The people conducting dog fights are entrepreneurs filling a market need. As long as the demand exists, it will be filled. The only possible hope of curbing it is to make being a customer very costly. Prosecute the customers for conspiracy in the promotion of dog fighting and you might put a dent in the practice. Otherwise it will go on with a different cast of characters providing the entertainment the customers want. The only way to go after the customers is with the cooperation of the operators. And it is likely that the only way that is going to happen is to give them immunity from prosecution.

But don't hold your breath for the prosecutor to do that, because he knows that respected members of the community could well be involved as customers -- and a criminal conviction would end their careers.

-- Posted by FJGuy on Tue, Oct 23, 2007, at 2:58 PM

I am not talking abortion I am talking of breathing living children Thank you

-- Posted by mgulmer on Tue, Oct 23, 2007, at 8:02 PM

Every time there's a publicized cruelty case, someone has to come along and say that we should be focusing on children instead of animals. What you're not realizing, mgulmer, is that violence begets violence, whether it's directed at an animal or a human. Animal suffering and human suffering are intertwined. All abuse starts with a desensitization to the suffering of other living beings--a lack of empathy. Most abusers start by abusing small animals before moving on to abuse the animals with whom more people sympathize, such as cats and dogs.
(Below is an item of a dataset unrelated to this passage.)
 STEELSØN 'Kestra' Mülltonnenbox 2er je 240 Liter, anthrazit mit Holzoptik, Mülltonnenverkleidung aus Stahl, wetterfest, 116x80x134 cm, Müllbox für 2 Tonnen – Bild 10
If the abuser isn't taught that it's wrong to torture the mouse or beat the puppy, he or she may not see (later in life) that it's wrong to beat his or her child. The step between animal and child not a very big one in most abuser's minds.

We have to instill in the human race (especially children) a compassion and empathy for ALL living beings, otherwise the cycle of suffering will never end.
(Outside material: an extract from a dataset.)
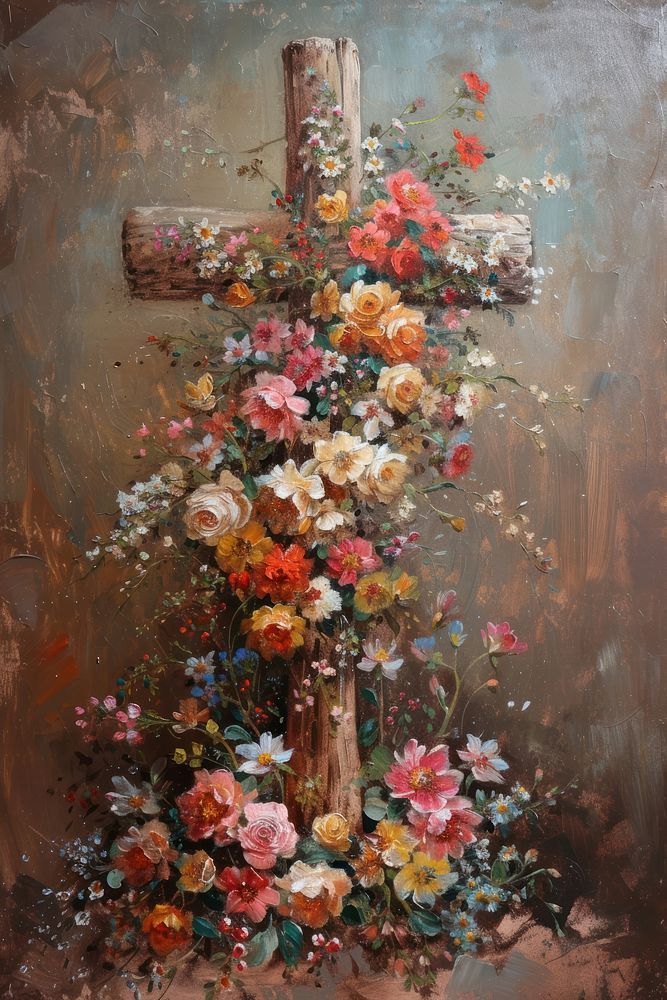 Download premium image of A wooden Christ cross adorned with flowers painting art fragility. about easter oil painting, christmas painted flowers, graphics prompt, christmas lights illustrations, and grave flowers 13818978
-- Posted by Youngest Child on Wed, Oct 24, 2007, at 9:29 AM
Corey Noles' response:
You hit the nail on the head with that one.

Well put, Youngest Child. That says it in a nutshell.

-- Posted by Ducky on Wed, Oct 24, 2007, at 1:32 PM

Wow! Yes, it does!

-- Posted by goat lady on Wed, Oct 24, 2007, at 1:44 PM

What in the world? This makes no sense. Cruelty to animals has nothing to do with what a person would do to a human. I grew up with a weapon in my hand on most days of my life for hunting. Do you think that means I would be de-sensitized as you call it and not understand the difference between an animal and a human life? What I might have done or not done to a mouse has nothing to do with how I feel about humans.

-- Posted by I.B. Le Truth on Wed, Oct 24, 2007, at 11:13 PM
Corey Noles' response:
I don't think "hunting" and what's being referred to as cruelty are at all the same thing. Everyone in this area hunts so by that standard we'd have ore serial killers than squirrels.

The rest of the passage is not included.